SPEAKER_00Yep. It's also the we don't keep a diaper bag anymore. Like we have snacks, and like the girl or my older ones have like uh almost like fanny packs, and we still put their snacks in there if we go to the zoo or something, and like we're almost out of like the stroller phase of life, also. And I'm like, my god, leaving the house. It's like it's bittersweet, but like leaving the house is just like, do you guys have snacks and water bottles? And like then we're good. And I'm like, this used to be a whole checklist in my head of things I mostly forgot.
SPEAKER_02Mm-hmm. An entire production. It goes lower and lower.
unknownWow.
SPEAKER_02Absolutely.
SPEAKER_00It does. Just to segue into your book, real quick. You did write a book, that's awesome, called Same Page Parenting. And I'm a fan of it. The reason why I'm immediately doing the segue is you do like a chapter where you talk about the exhaustion of having a newborn baby where you're going to meet, going to like other people's houses to be like, I should be here, but also I'm not mentally present at all because I've done all this stuff. And that felt very relatable of like, I'm here because I'm trying to have community, but I'm not mentally here in any way at all. And it's great.
SPEAKER_01Absolutely.
SPEAKER_02Yes. It's it's in the book where we talk about things like people pleasing where after we have kids, it's this expectation that now we're gonna show off our kid and have everybody come over a we go and do all the things for everybody else. But at the end of the day, we're the ones who suffer when we overbook ourselves and we don't honor our own capacity.

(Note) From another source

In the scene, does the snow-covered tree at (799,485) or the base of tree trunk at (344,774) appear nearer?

SPEAKER_00Yeah. Yeah. And that in addition to the when you're getting the newborn out of the house, you've got the car seat, you've got them tucked, you've got them like warmly in the car seat, you've got the 30 bags just to go hang out at someone's house for 30 minutes and not be mentally present for any of it, is like, oh, you have if someone I love the thought of normalizing, like, hey, you don't have to do this. Like you'll be okay.
SPEAKER_02Yes, absolutely. Or let's do it in a way, in a time and a place that actually makes sense for me. Come over, you bring the food, I'm not getting ready for you. And bring headphones if you don't like babies crying.
SPEAKER_00Yep.
SPEAKER_02That's how we're gonna do it.
SPEAKER_00Because this is reality and this is what life looks like for me right now. And I legitimately can't really control most of this, so if you're here, that's awesome.

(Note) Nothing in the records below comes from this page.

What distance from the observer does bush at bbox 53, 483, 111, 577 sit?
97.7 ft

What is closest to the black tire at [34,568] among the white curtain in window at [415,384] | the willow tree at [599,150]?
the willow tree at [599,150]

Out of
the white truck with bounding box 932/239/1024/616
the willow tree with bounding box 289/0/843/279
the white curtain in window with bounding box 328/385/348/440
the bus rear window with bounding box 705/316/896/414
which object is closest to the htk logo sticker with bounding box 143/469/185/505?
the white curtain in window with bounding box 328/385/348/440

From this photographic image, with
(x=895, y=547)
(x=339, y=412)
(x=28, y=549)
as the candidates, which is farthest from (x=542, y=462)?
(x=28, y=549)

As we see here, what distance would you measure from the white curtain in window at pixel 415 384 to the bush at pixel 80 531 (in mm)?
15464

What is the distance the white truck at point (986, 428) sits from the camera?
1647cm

SPEAKER_01Yep, exactly. Exactly.
SPEAKER_00But yeah, I thought that was a fun moment in the book where it felt very relatable. Because I also remember like me and my wife um going places because like, oh, we need to be here, and then being like, Did you did you make any genuine connection at all that entire time? And it's like, nope, but we all tried, and does that mean anything? Maybe.

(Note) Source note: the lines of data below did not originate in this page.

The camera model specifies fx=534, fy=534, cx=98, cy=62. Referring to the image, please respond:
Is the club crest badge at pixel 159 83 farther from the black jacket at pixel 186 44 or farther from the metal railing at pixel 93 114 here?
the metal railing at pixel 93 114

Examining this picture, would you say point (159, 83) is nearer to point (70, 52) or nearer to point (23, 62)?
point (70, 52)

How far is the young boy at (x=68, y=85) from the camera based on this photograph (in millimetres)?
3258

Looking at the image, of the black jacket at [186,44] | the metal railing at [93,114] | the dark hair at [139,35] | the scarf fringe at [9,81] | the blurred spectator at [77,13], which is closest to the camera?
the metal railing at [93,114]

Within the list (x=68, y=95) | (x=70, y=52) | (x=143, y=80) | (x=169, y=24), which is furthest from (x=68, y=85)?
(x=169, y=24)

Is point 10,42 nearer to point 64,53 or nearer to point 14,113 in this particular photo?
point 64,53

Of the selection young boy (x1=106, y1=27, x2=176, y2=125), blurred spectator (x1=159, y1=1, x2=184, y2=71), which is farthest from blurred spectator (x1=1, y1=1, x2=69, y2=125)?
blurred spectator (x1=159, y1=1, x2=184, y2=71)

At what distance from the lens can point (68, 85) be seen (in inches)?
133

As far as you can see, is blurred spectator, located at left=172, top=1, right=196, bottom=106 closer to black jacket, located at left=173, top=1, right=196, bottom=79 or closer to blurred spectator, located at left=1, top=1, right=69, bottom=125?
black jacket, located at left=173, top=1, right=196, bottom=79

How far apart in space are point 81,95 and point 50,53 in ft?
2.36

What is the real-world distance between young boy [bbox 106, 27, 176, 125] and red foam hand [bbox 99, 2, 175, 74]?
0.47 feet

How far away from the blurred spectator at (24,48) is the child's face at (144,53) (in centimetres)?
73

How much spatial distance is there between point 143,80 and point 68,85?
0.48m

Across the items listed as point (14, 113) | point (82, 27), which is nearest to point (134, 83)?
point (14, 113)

SPEAKER_02I hear you. And it's so tricky. I was literally just talking to my girlfriends about this the other day, where there'll still be moments where we'll all be hanging out, and then I'll be like, oh my god, I didn't even ask them how their dad is doing, or I knew that they had this thing happening at work, and I forgot to ask them about that, or I forgot like that also as our kids get older, or even when they're younger still, like our minds are in so many different places that we're not in social mode anymore. So even just honoring that and taking a minute to be like, my brain is mush and I'm not gonna be the same version of social that I usually am, yeah, gives compassion, which is nice.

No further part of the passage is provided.